Mini-Seminar with Prof. Joan Bryant
Joan Bryant, Associate Professor in the College of Arts and Sciences' African American Studies Department at Syracuse University, will lead a mini-seminar in the Special Collections Research Center (SCRC), 6th Floor, Bird Library, on Friday, November 14th, 2025, from 10:30 am to 12:00 pm. Bryant will discuss her book, Reluctant Race Men: Black Challenges to the Practice of Race in Nineteenth-century America, which was published by Oxford University Press in 2024 and short-listed for the MAAH-Stone Book Award. Reluctant Race Men traces a history of the disparate challenges Black American reformers lodged against the concept of race across the long nineteenth century, analyzing their opposition to reconstruct a largely ignored Black reform tradition that sheds new light on the nation's history of race. The mini-seminar will include hands-on exploration of select nineteenth-century correspondence in SCRC's Gerrit Smith Papers from reformers whose ideas appear in Reluctant Race Men. Attendees will also have the opportunity to win a copy of the book.
The mini-seminar is open to the public; however, space is limited. Registration is required by November 13. If you require an accommodation, please email Max Wagh by November 3 at mlwagh@syr.edu.
Bryant received her BA from the University of Delaware, MA in Urban Affairs and Policy Analysis from the New School for Social Research, MA in Religion from Yale Divinity School, and MA and PhD in Religious Studies--American Religious History--from Yale University.
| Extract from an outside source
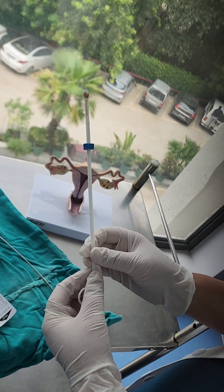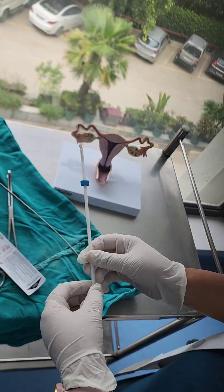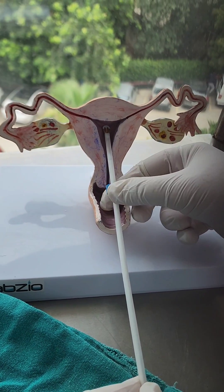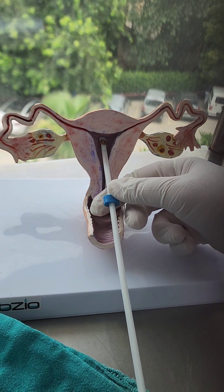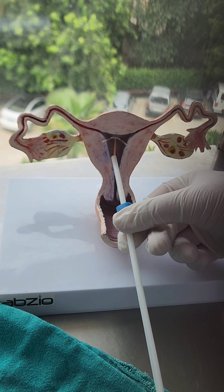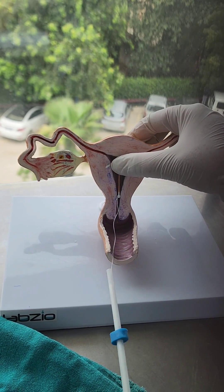The technique of insertion is called the withdrawal technique, and this is important to prevent perforation of the uterus. We introduce the copper T inside the uterine cavity, and because the length has been adjusted prior, we simply withdraw the inserter over the plunger so that the arms get released within the uterine cavity. Then we take out both the plunger and inserter together.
Bryant has published several book chapters on nineteenth-century Black reform movements, co-curated the SCRC exhibition Black Utopias, and curated several photography exhibitions. Current projects include an analysis of the book-making and distribution networks of mathematician and sociologist Kelly Miller and a social history of the nation’s earliest free Black communities, located in her native state of New Jersey.